Zeitgleich will Union mit einer neuen Tribüne bis Sommer 2013 endlich zum modernen Fußball aufschließen. Schon als die Fans, die sich stolz „Unioner“ nennen, draußen noch Schlange gestanden haben, war drinnen, an den Wänden der Ballsporthalle Hämmerlingstraße, die Animation der geplanten neuen Haupttribüne an die Wand geworfen. Einen Steinwurf weiter soll sie dann mal stehen: Ein schicker dreistöckiger Backsteinbau mit aufragenden Dachträgern, der die drei bereits sanierten Tribünen verbindet. Die 3D-Ansicht erinnert ein bisschen an die Stadionausbau-Option früher Fußball-Manager-Computerspiele. Da konnte der Spieler selbst das Stadion formen, wie er wollte.

Völlig abseits der Köpenicker Realität ist das nicht. Die Fans haben hier schließlich bereits drei Viertel des Stadions weitgehend eigenhändig runderneuert. 140.000 ehrenamtliche Arbeitsstunden kamen in der Saison 2008/09 zusammen. Ein Beispiel mit großer Außenwirkung.

Zingler sagt, was den Fans gefällt

Präsident Dirk Zingler weiß das, weshalb er auch gleich zu Beginn die Verbindung herstellt. Das Tortenstück der derzeit 57 Prozent an Vereinsanteilen am Stadion kommentiert er so: „Hier steckt die Leistung der Stadionbauer drin, hier sind eure 140.000 Stunden drin. Dafür müssen wir noch lange Dankeschön sagen.“ Nun soll jeder Fan sich also ein Stück Alte Försterei zu Hause an die Wand hängen können. In Form einer Aktie. Eine lohnende Geldanlage dürfte sie dagegen für die wenigsten werden. Aber darum soll es auch gar nicht gehen.

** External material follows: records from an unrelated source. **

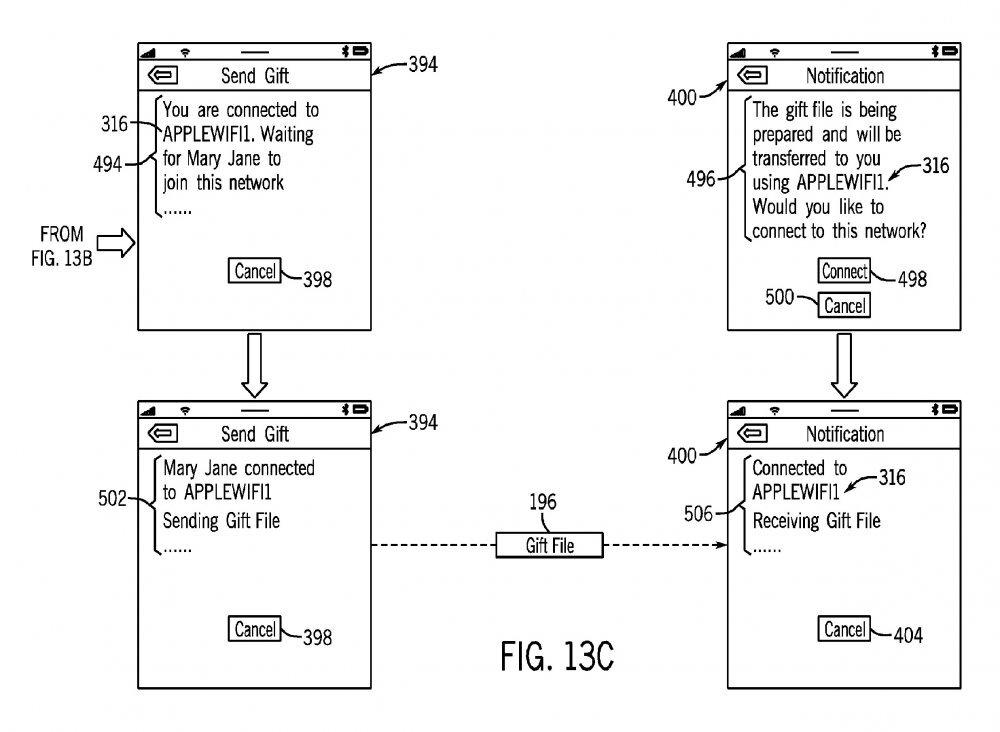 Patent Apple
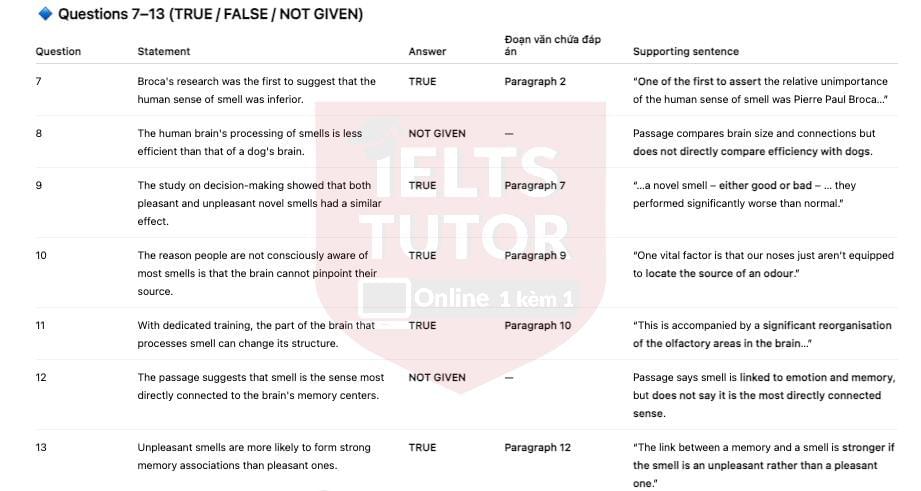 🔥The Unsung Sense Answers with location - Đề thi thật IELTS READING- Làm bài online format computer-based, kèm đáp án, dịch & giải thích từ vựng - cấu trúc ngữ pháp khó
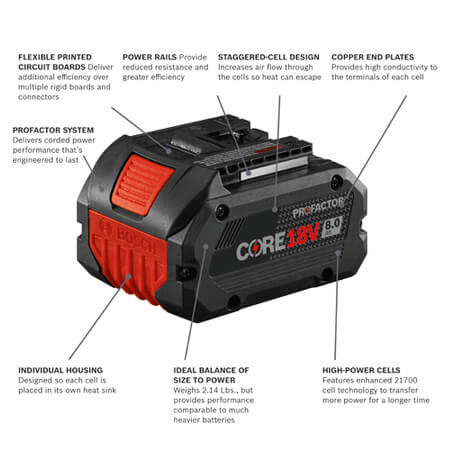 BOSCH GBA18V80 18V CORE18V Lithium-Ion 8.0 Ah PROFACTOR Performance Battery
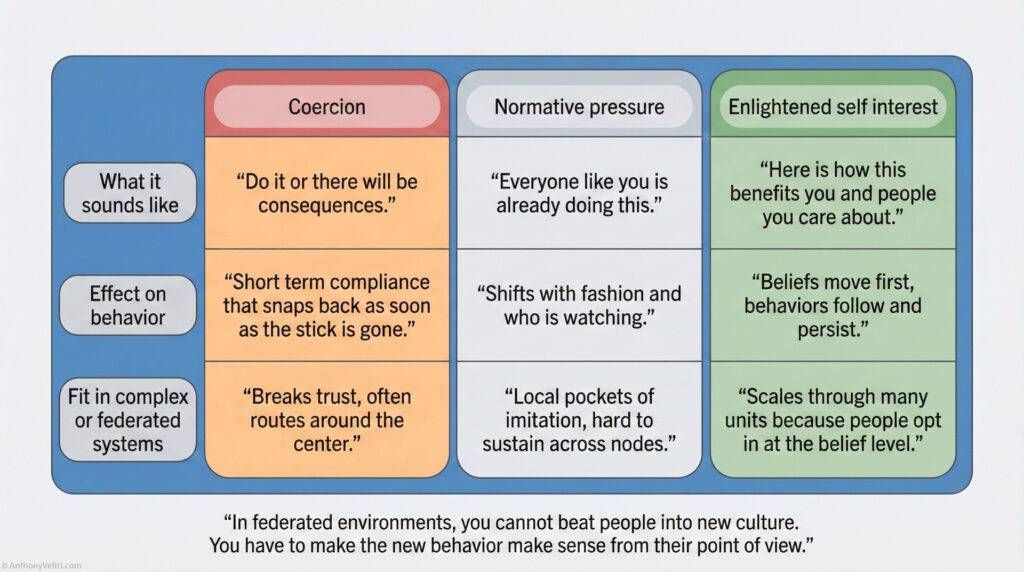 A comparison chart with three columns: Coercion, Normative Pressure, and Enlightened Self Interest, each describing what it sounds like, effects on behavior, and fit in complex systems, plus a quote about behavioral change.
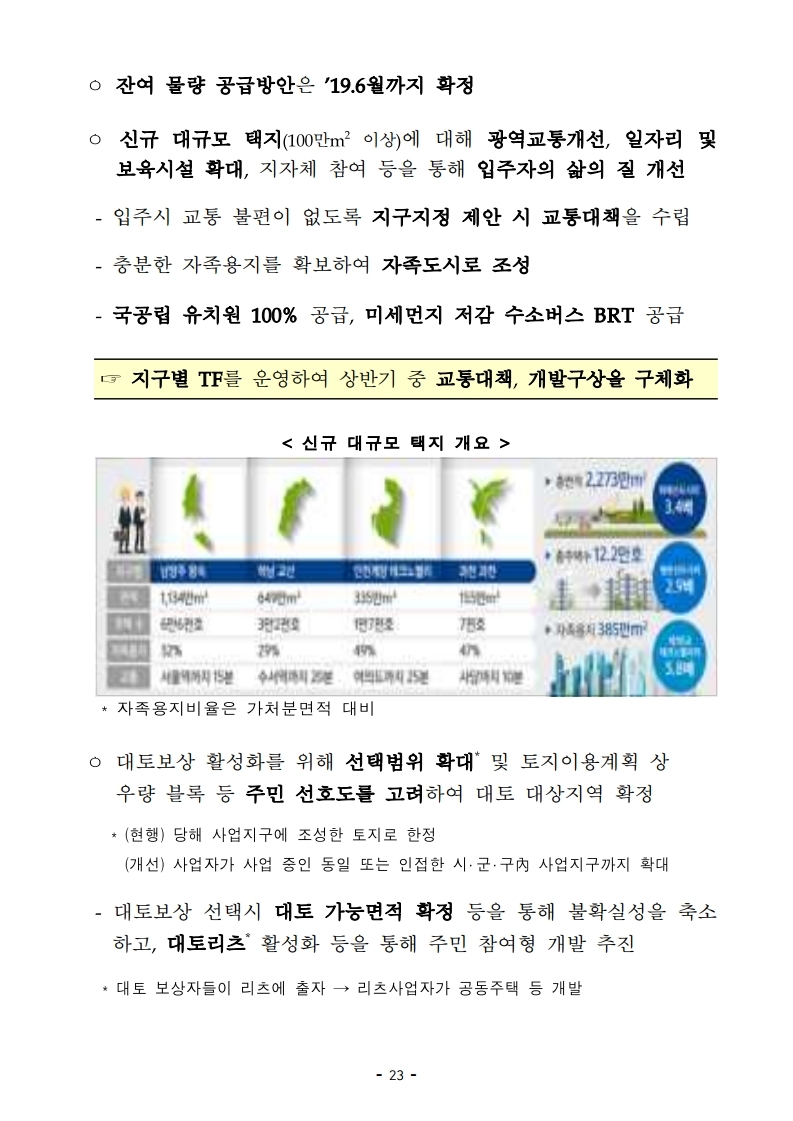 [참고자료]190423(14시이후) 2019년 주거종합계획 (1).pdf_page_27.jpg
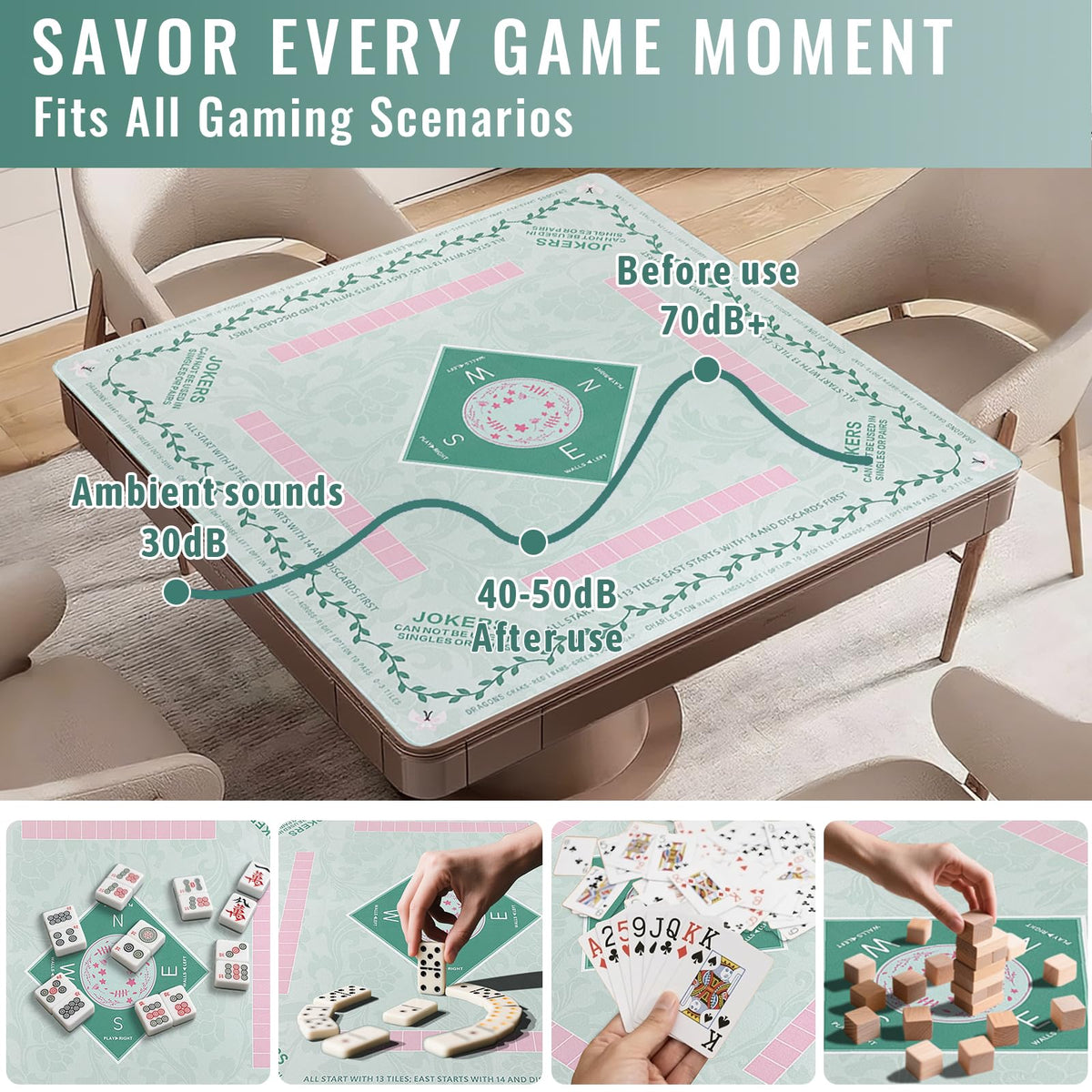 DMJHJY Mahjong Mat waterproof surface protects during game night.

Zingler ist verkabelt wie ein Fernsehmoderator, er trägt seriösen grauen Zwirn über dunklem Hemd und Krawatte. Zingler spricht Schlagworte aus, die den Fans gefallen. Sie lauten „Unabhängigkeit“, „Mitbestimmung“ und „Teilhabe“. Er kann sich Seitenhiebe nicht verkneifen gegen die „Kommerz-Vereine“, das Stichwort „Red Bull“ fällt, auch „Event-Stimmung“. Die Unioner raunen. In einem Werbe-Clip für die Aktie weist Zingler eine Stadionumbenennung in „Hakle-feucht-Arena“ entnervt zurück. Die Unioner johlen.

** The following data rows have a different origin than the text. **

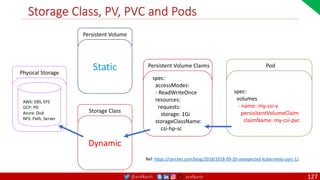 @arafkarsh arafkarsh
Storage Class, PV, PVC and Pods
Physical Storage
AWS: EBS, EFS
GCP: PD
Azure: Disk
NFS: Path, Server
Dynamic
Storage Class
Static
Persistent Volume
Persistent Volume Claims
spec:
accessModes:
- ReadWriteOnce
resources:
requests:
storage: 1Gi
storageClassName:
csi-hp-sc
Pod
spec:
volumes
- name: my-csi-v
persisitentVolumeClaim
claimName: my-csi-pvc
Ref: https://rancher.com/blog/2018/2018-09-20-unexpected-kubernetes-part-1/.
127
 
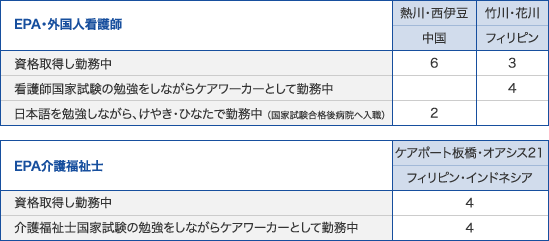外国人スタッフの活躍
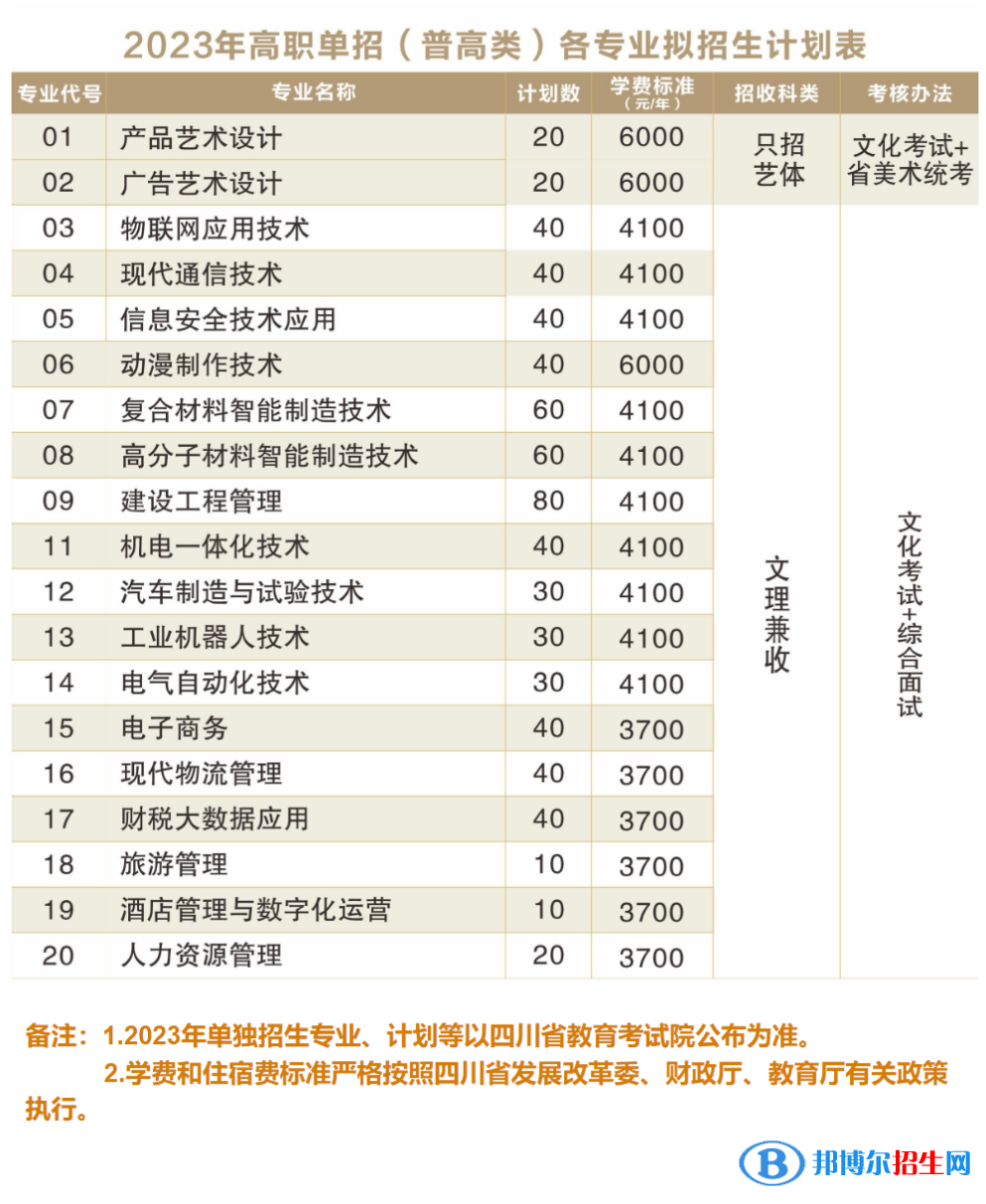 绵阳职业技术学院单招2023年学费一览表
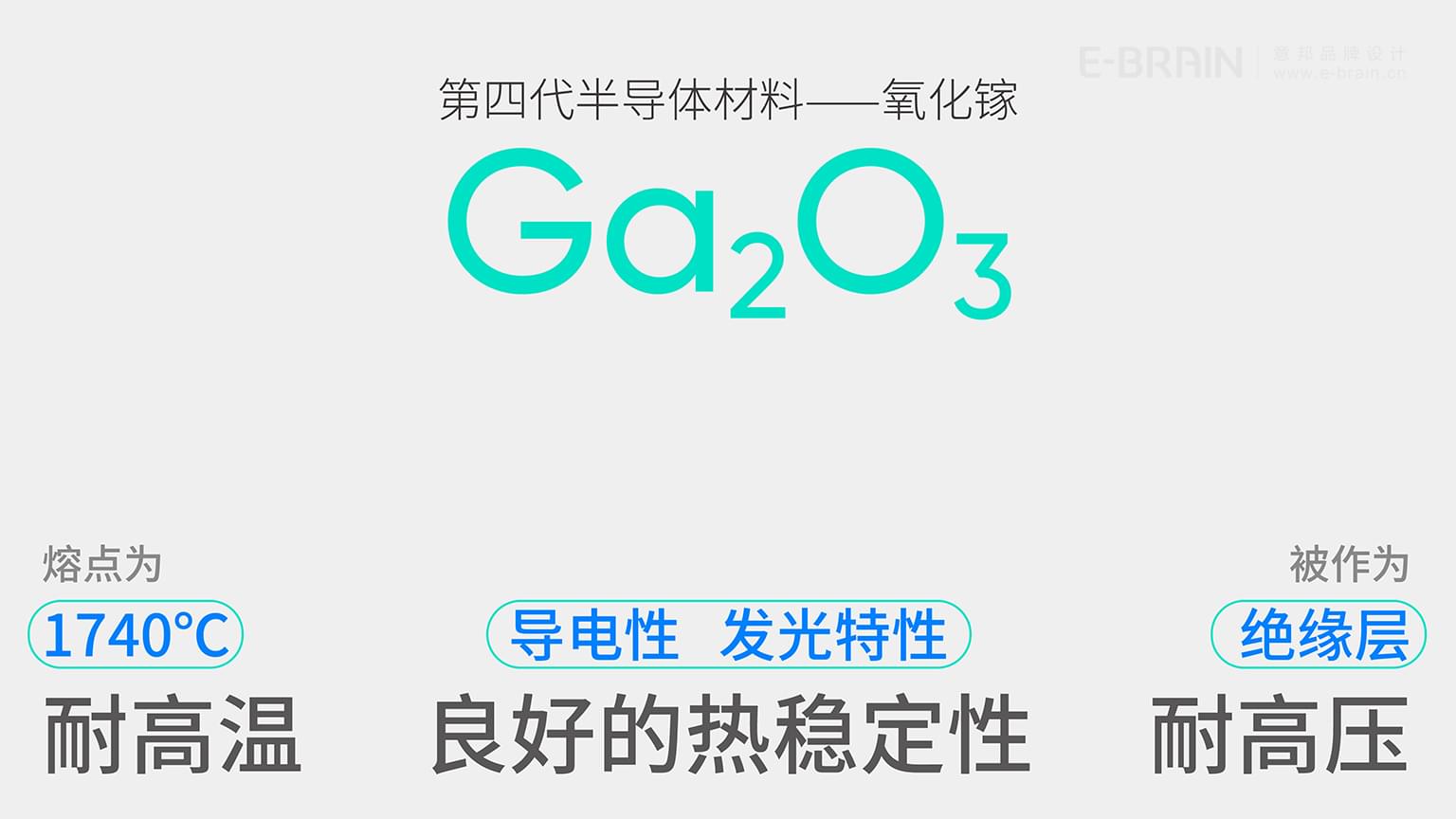 品牌產(chǎn)品優(yōu)勢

„Wir haben uns gefragt, wem gehört das Stadion An der Alten Försterei“, ruft Zingler schließlich in den Raum, und eine Frau aus dem Publikum ruft prompt zurück: „Uns!“ Genau darum gehe es, sagt Zingler. Jeder Unioner soll sich seinen Kleinstanteil an der persönlichen Pilgerstätte sichern können. Eine Treppenstufe wäre das vielleicht, oder ein halber Wellenbrecher. Keiner darf mehr als zehn Aktien besitzen. „Eine Fremdübernahme ist unmöglich“, ruft Zingler auf Nachfrage. Kritik vonseiten der Fans gibt es kaum am Sonntag.

Fünf Millionen Euro sollen sich durch die Zeichnung von 10.000 Aktien in die Kassen des Zweitligisten ergießen. Und damit laut Zingler auch die finanzielle Unabhängigkeit beim Neubau der Haupttribüne erhöhen. Sie soll 15 Millionen Euro kosten.

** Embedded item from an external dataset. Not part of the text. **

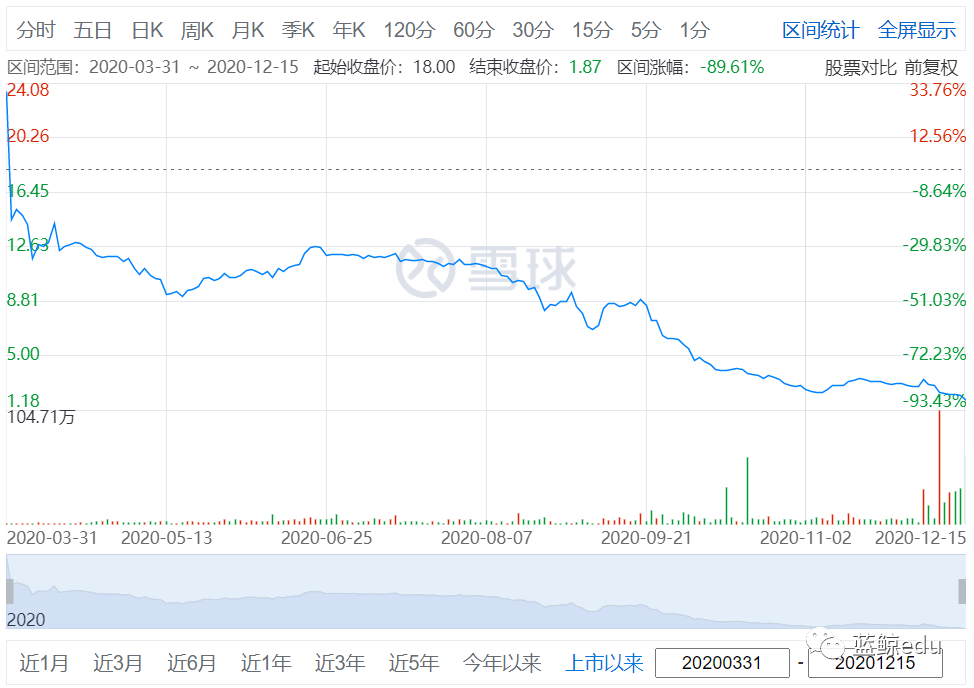 “上市即巅峰”的美联国际教育，老了！丨蓝鲸观察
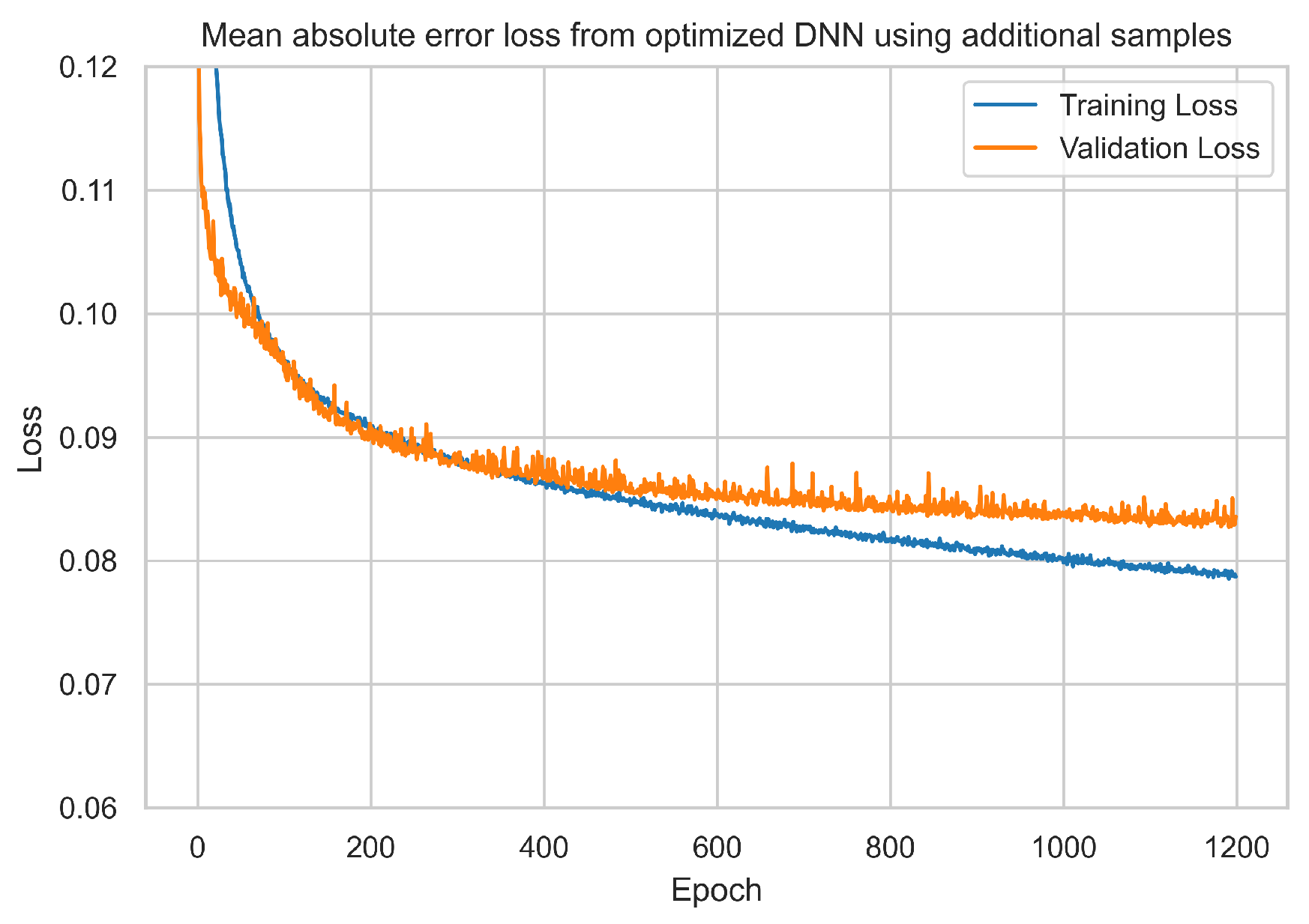 Agronomy 14 01089 g009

Runter von der Hühnerleiter

Für die aktuelle Miniatur-Tribüne und die angrenzenden Örtlichkeiten ist das Wort provisorisch noch untertrieben. VIPs werden in angrenzenden Zelten abgespeist, Pressevertreter sitzen auf einer Hühnerleiter unterm Dach und nach dem Spiel steigt aus den Fensterschlitzen der Umkleide-Container der Dampf der Duschen in die Mixed Zone. Wenn man sich auf die Zehenspitzen stellte, könnte man wohl Kapitän Torsten Mattuschka beim Einseifen zuschauen. „Es wird deutlich bessere Bedingungen geben, als man es jetzt gewohnt ist“, sagt Dirk Thieme, der Vorstandsvorsitzende der Stadiongesellschaft.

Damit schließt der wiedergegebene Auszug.